TASK DESCRIPTION => Copied exactly and without pictures, the lines from the beginning of the entries through the one that holds "Used 2026 Jaguar" should form the entire reply.

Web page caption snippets
+--

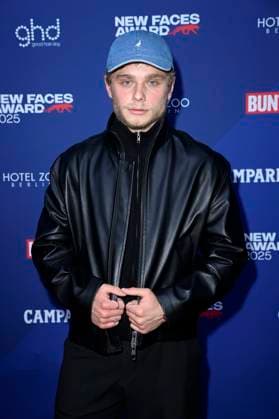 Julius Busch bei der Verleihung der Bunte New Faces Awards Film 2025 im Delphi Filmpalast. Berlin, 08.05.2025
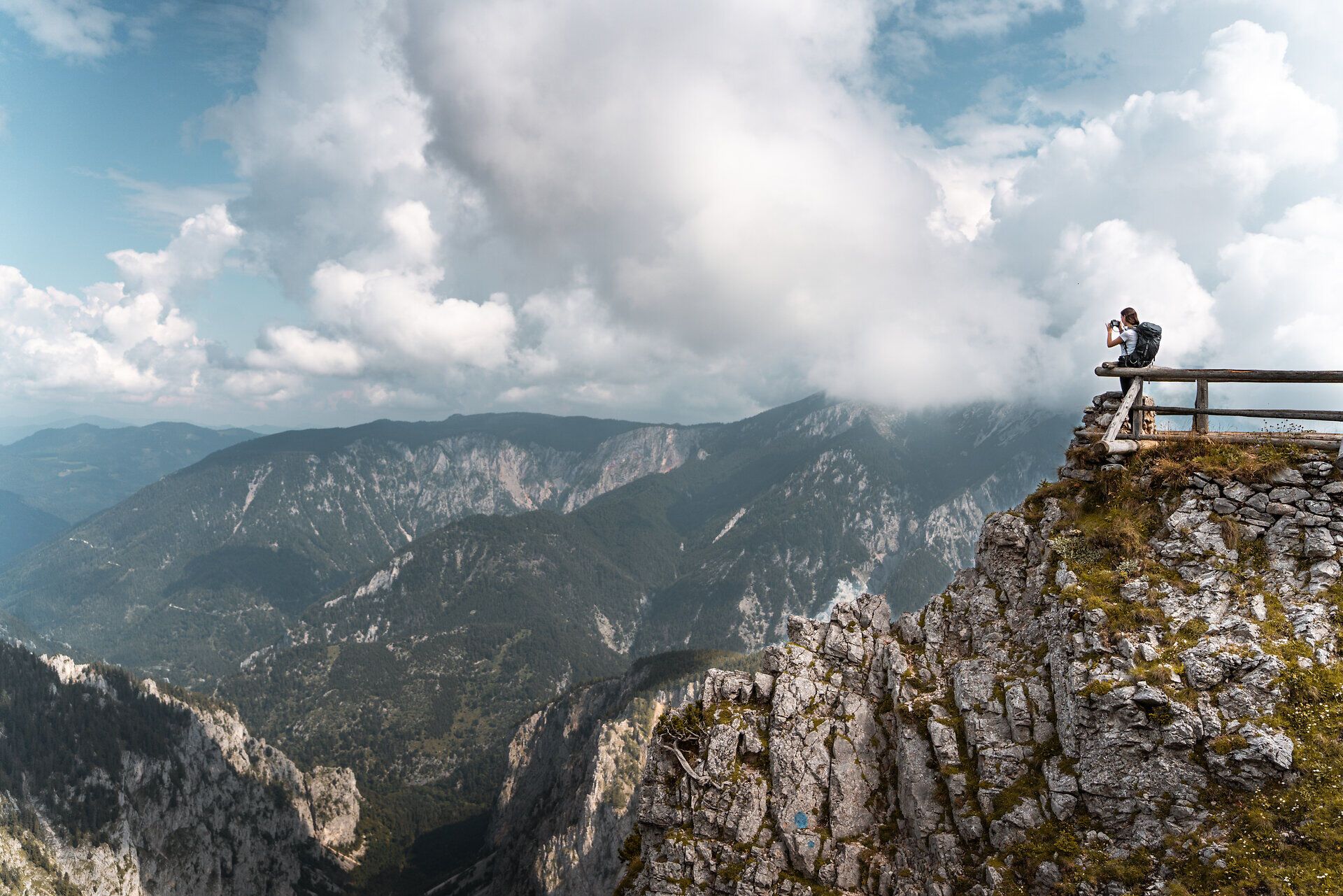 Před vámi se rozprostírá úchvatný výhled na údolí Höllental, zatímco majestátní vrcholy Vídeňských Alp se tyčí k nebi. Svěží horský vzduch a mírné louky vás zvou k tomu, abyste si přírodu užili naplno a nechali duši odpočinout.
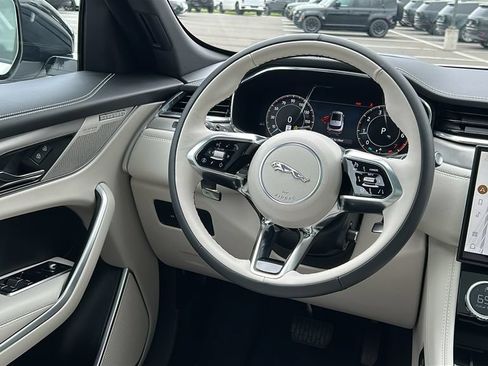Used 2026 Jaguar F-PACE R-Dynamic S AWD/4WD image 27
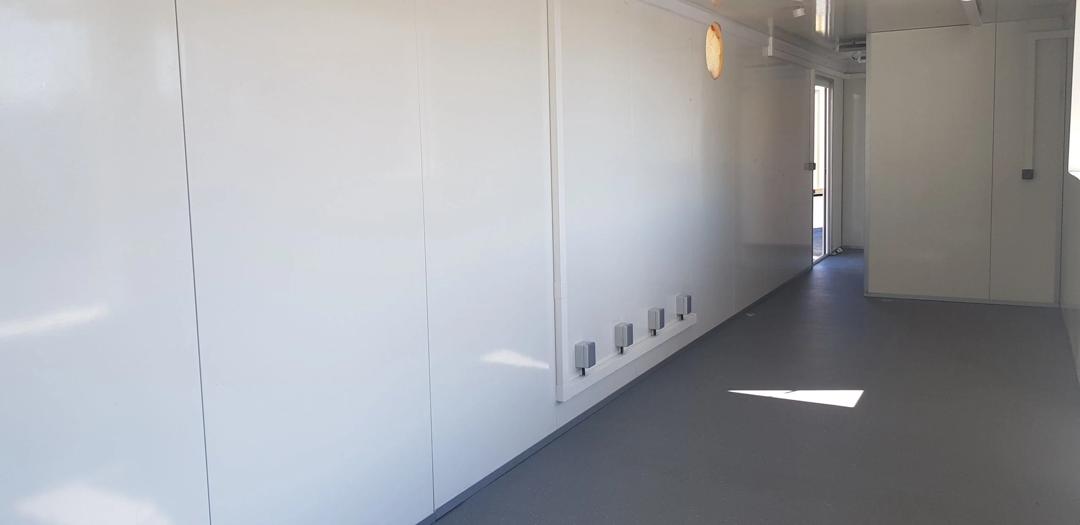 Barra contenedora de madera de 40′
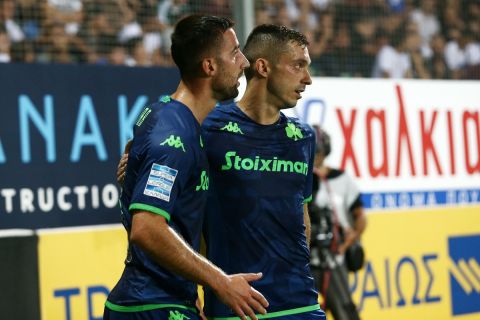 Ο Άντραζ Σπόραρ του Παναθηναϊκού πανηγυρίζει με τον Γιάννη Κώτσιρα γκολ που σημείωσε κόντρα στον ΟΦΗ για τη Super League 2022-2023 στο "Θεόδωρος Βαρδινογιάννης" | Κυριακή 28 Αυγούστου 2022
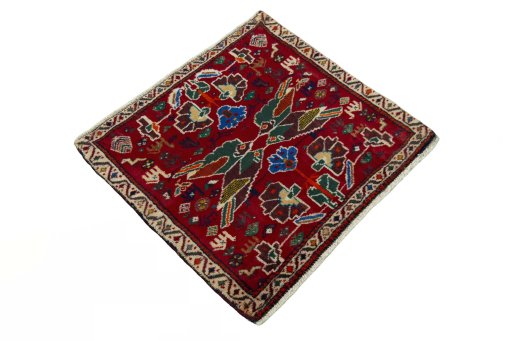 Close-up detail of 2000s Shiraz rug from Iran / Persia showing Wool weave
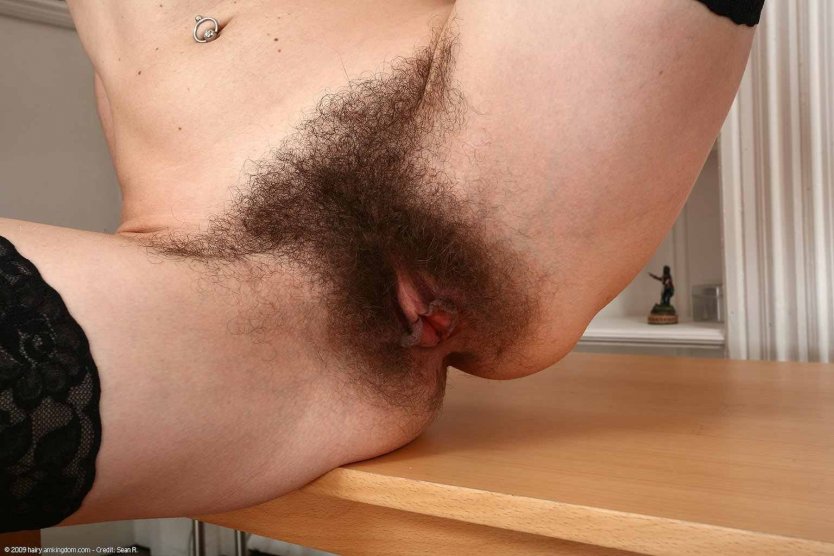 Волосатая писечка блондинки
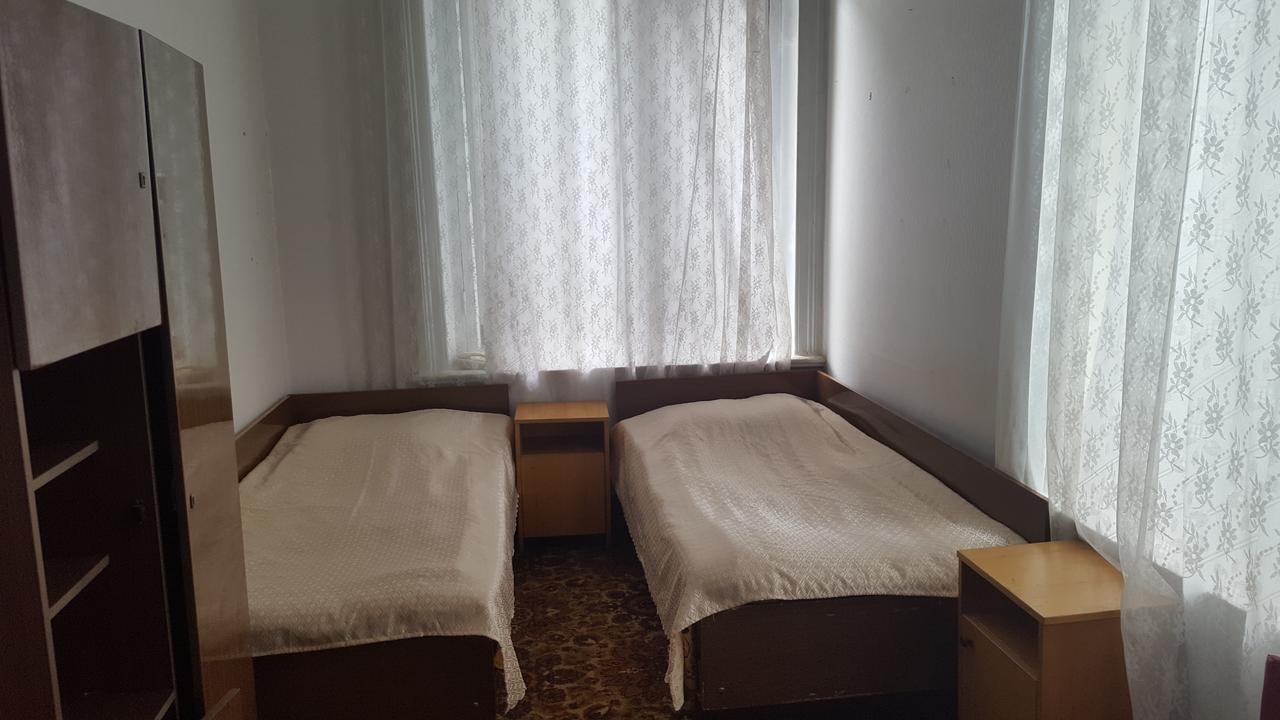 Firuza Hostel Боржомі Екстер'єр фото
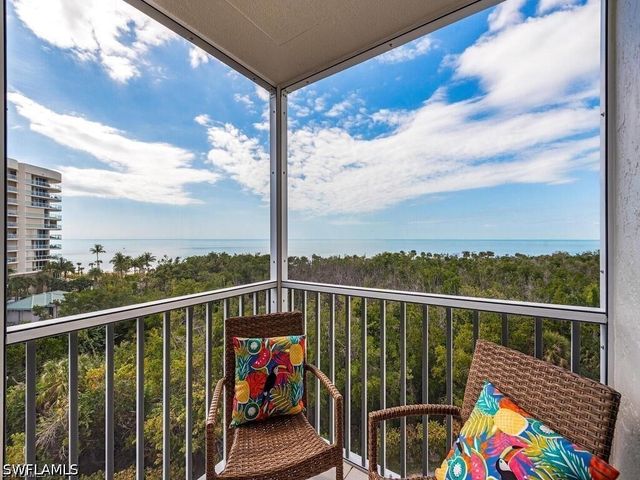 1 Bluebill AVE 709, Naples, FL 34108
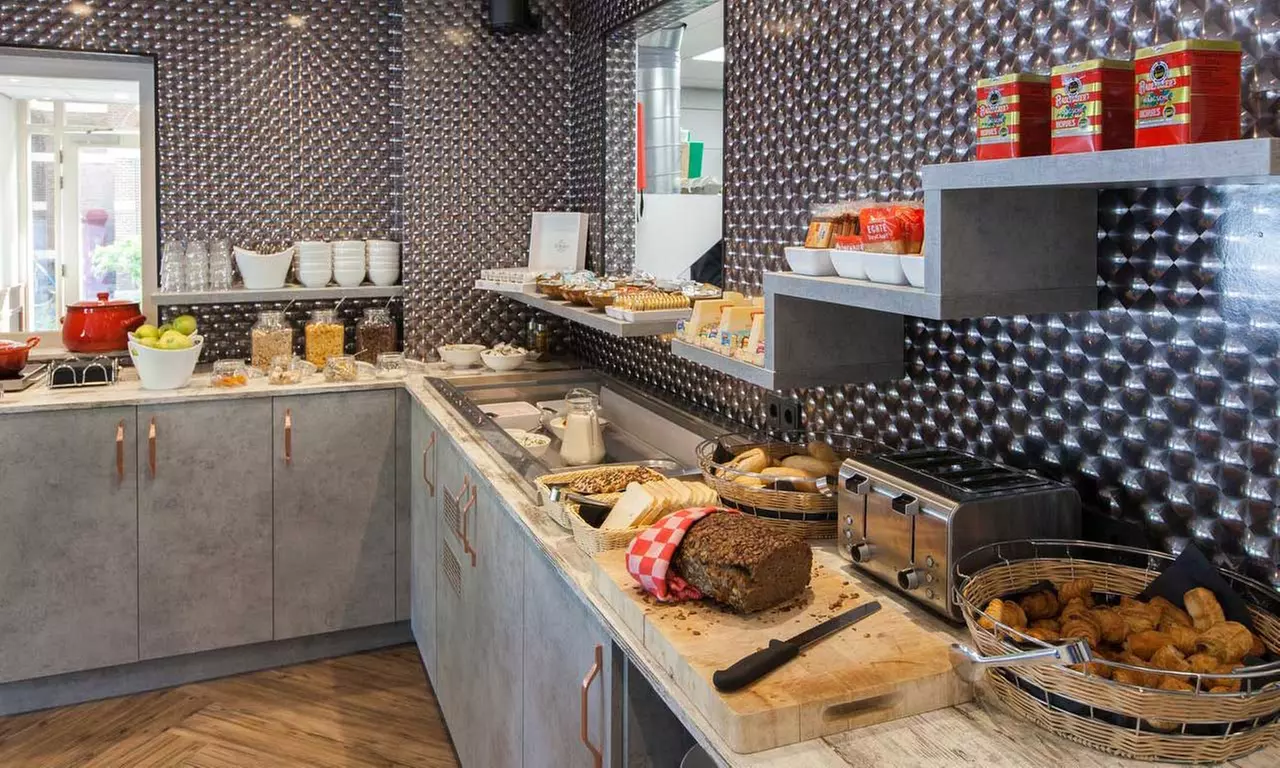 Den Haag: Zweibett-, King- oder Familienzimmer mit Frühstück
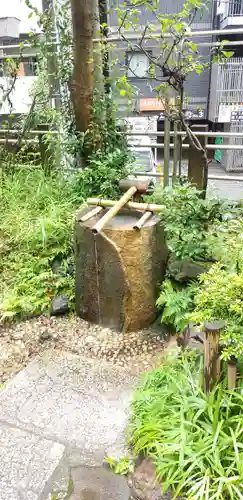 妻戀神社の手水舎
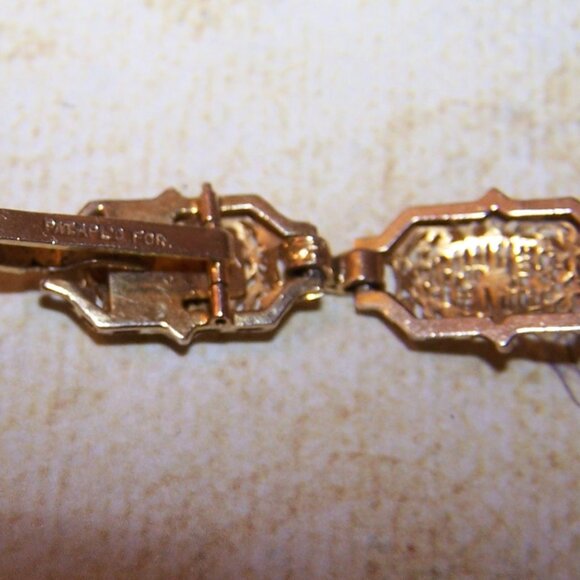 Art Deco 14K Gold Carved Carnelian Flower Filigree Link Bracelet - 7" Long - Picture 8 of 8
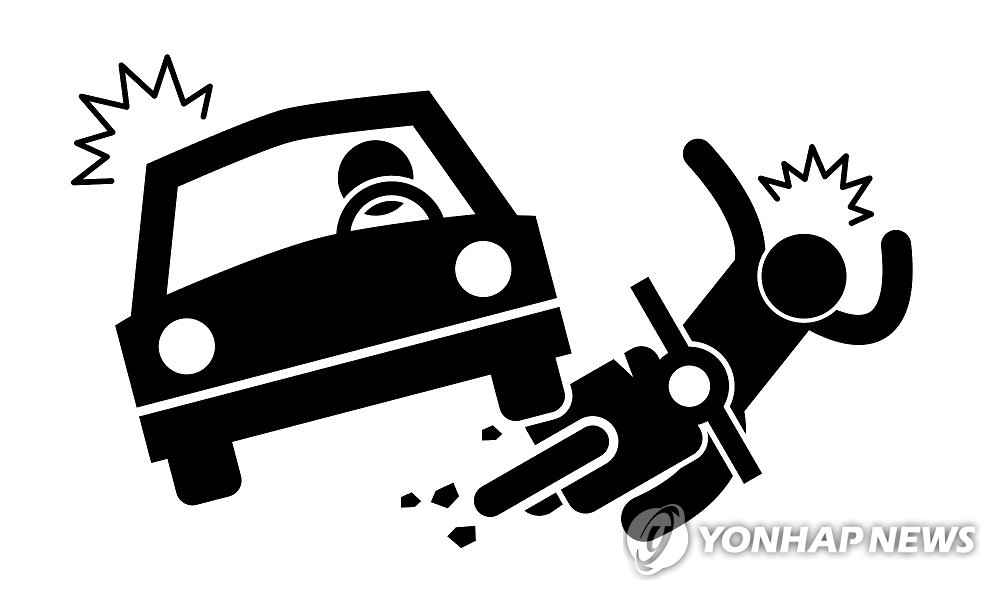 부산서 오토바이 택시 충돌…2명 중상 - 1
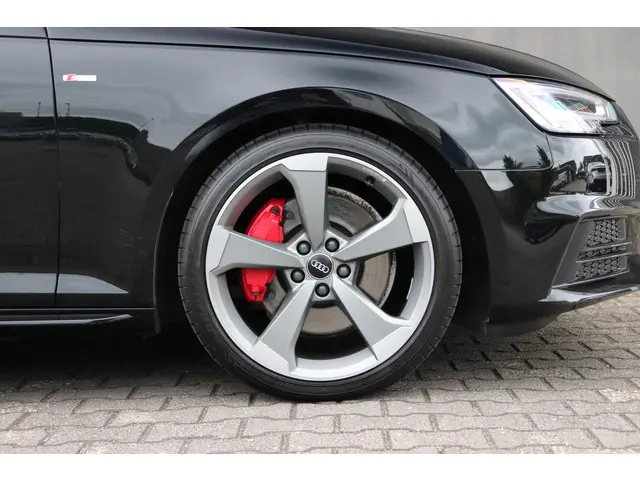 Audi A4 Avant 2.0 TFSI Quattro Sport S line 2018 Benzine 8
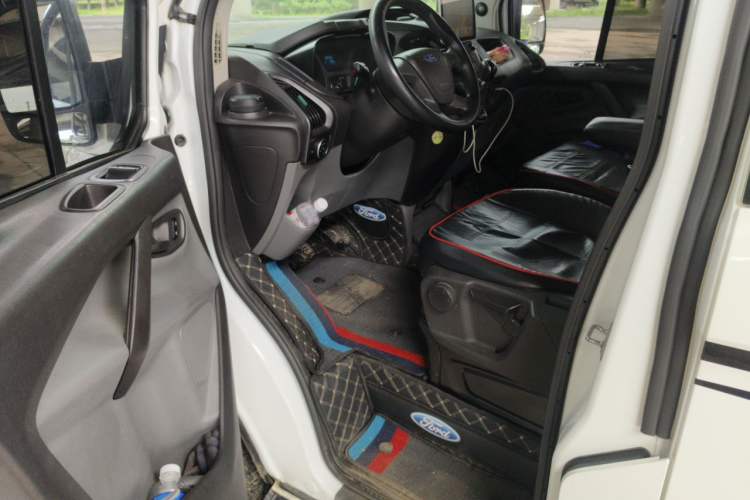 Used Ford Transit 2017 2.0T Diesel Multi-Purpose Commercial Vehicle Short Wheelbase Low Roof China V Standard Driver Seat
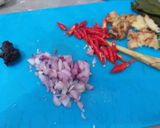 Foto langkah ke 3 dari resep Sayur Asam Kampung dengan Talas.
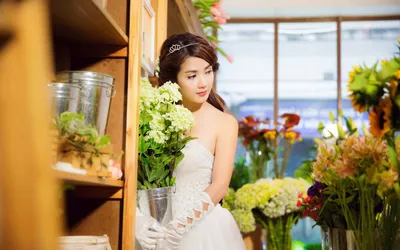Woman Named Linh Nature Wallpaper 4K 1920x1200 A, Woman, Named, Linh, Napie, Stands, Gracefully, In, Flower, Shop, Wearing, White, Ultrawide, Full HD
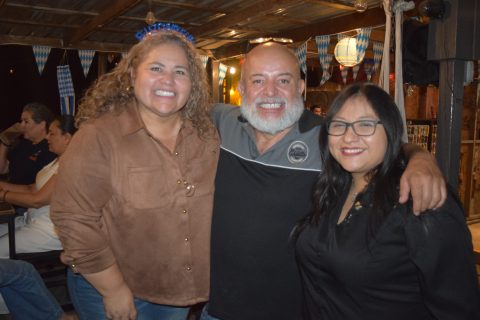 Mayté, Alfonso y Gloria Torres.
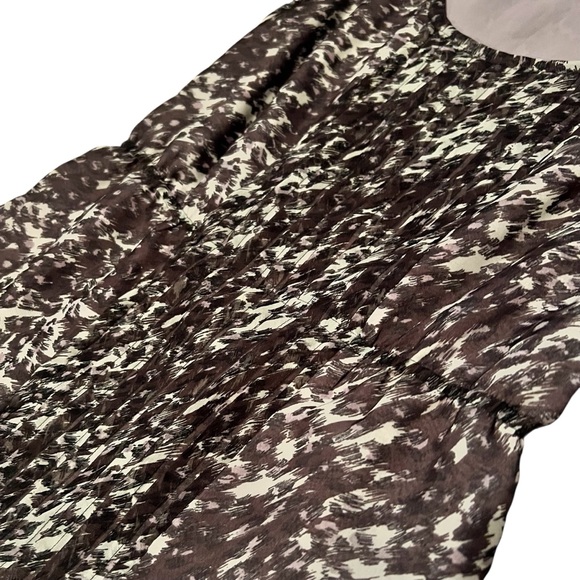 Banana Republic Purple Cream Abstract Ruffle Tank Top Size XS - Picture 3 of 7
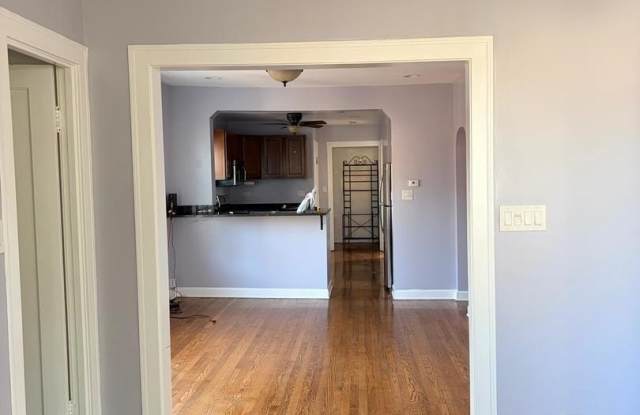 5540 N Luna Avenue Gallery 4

+--

OUTPUT FOR THIS EXERCISE =>
 Julius Busch bei der Verleihung der Bunte New Faces Awards Film 2025 im Delphi Filmpalast. Berlin, 08.05.2025
 Před vámi se rozprostírá úchvatný výhled na údolí Höllental, zatímco majestátní vrcholy Vídeňských Alp se tyčí k nebi. Svěží horský vzduch a mírné louky vás zvou k tomu, abyste si přírodu užili naplno a nechali duši odpočinout.
Used 2026 Jaguar F-PACE R-Dynamic S AWD/4WD image 27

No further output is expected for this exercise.